В феврале 1897 года английский экспедиционный отряд подверг осаде город. Его жители упорно защищались, но не смогли устоять перед карателями, имевшими лучшее оружие. Англичане подожгли Бенин, ворвались во дворец обы и начали грабить сокровища: сорвали со стен бронзовые барельефы, из алтарей похитили ритуальные маски усопших царей, изделия из слоновой кости… В руки колонизаторов попало более двух с половиной тысяч художественных реликвий, которые были переправлены затем в Европу. — Да еще каких! — насупился Нгале Агвара. — Один бронзовый флейтист чего стоит. На аукционе в Лондоне его продали за сто восемьдесят тысяч фунтов стерлингов… До самых последних слов Нгале Агвара во мне теплилась надежда, что еще шаг-другой — и мы наконец подойдем к полке с «музыкантом». Вот тебе и «свет не клином сошелся». Макети Зуру развел руками, вздохнул, сочувствуя мне… Все же я увидел бронзового флейтиста. Месяцев через пять Макети Зуру заехал ко мне домой. Напустив на себя таинственный вид, он предложил заглянуть в одно интересное место в Лагосе. Я согласился, и минут через десять мы вошли в… национальный музей. Это был тот и не тот музей. То же серое двухэтажное здание в парке, те же застекленные витрины. И одновременно — все иное. В экспозиционных залах полно людей, в витринах — терракотовые маски «культуры Нок», бронза Ифе, Бенина…
— Как вам удалось заполучить все эти шедевры? Ведь тут раньше ничего не было, хоть шаром покати.

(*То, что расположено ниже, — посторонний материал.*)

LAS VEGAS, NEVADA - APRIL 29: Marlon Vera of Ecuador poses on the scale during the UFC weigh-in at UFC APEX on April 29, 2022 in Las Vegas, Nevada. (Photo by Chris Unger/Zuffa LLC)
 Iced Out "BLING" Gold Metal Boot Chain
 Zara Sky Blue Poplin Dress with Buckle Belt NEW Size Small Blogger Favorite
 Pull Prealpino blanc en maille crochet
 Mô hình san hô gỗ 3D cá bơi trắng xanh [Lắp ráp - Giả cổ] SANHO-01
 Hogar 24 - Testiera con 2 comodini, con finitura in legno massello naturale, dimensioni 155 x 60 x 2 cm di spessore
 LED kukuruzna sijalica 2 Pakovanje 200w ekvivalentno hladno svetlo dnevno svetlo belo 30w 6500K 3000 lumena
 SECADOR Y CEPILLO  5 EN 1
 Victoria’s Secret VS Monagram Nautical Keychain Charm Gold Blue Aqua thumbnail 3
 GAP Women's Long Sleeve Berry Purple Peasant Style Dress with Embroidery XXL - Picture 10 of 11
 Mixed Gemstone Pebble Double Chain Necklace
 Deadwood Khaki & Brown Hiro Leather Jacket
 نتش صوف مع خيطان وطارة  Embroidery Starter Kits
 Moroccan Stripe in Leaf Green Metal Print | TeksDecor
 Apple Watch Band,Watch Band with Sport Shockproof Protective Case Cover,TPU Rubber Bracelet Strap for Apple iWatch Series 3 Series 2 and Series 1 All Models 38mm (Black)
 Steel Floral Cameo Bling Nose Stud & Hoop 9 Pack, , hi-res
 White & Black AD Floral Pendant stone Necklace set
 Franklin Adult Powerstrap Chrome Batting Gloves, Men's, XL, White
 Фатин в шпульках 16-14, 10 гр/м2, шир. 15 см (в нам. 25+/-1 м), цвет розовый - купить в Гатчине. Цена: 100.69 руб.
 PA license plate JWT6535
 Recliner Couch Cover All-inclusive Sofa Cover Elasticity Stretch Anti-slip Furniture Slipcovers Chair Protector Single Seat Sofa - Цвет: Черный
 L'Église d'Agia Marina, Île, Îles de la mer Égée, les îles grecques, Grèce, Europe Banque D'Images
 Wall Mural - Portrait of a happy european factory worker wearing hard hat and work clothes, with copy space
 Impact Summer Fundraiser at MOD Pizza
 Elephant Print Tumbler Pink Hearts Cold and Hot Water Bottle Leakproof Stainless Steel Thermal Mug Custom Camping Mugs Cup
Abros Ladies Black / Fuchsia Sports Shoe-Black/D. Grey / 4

— Собирали по крупицам. Кое-что раздобыли у себя: часть экспонатов из своих фондов выделили музеи Джоса и Ифе. С ними легко было договориться. Загвоздка получилась с Бенином. С них чего спросишь: все равно что кусок хлеба у нищего из рук вырывать. Решили обратиться к западным музеям. Попросили вернуть хотя бы часть бенинских масок, что были вывезены из страны. Кстати, флейтист наш нашелся.
— Разве? Я уже потерял всякую надежду его увидеть.
— Нашелся! — повторил Макети Зуру. — В Париже, в Музее человека. Как он туда попал, не знаем. Может, меценат какой подарил.
Макети Зуру протянул мне толстый каталог с закладкой, который все это время не выпускал из рук. Я раскрыл отмеченную страницу с фотографией.
Безымянный ваятель (литейщикам при дворе обы запрещалось ставить на отливке свое имя) создавал скульптуру, несомненно, в порыве вдохновения. Видимо, наскучило работать по указке эгаево. Первое, что бросилось в глаза, — это ее исключительная красота, невероятное совершенство. Выполненный в рост, бронзовый флейтист как бы сжался, однако казалось, что в нем пробуждается желание свободно вытянуться, распрямиться в пространстве. В великолепной, расшитой узорами одежде, с двумя нитками коралловых бус на шее, музыкант держал у припухших губ флейту. Волшебство изображения было настолько захватывающим, что чудилось: еще мгновение — и зал наполнится нежной мелодией.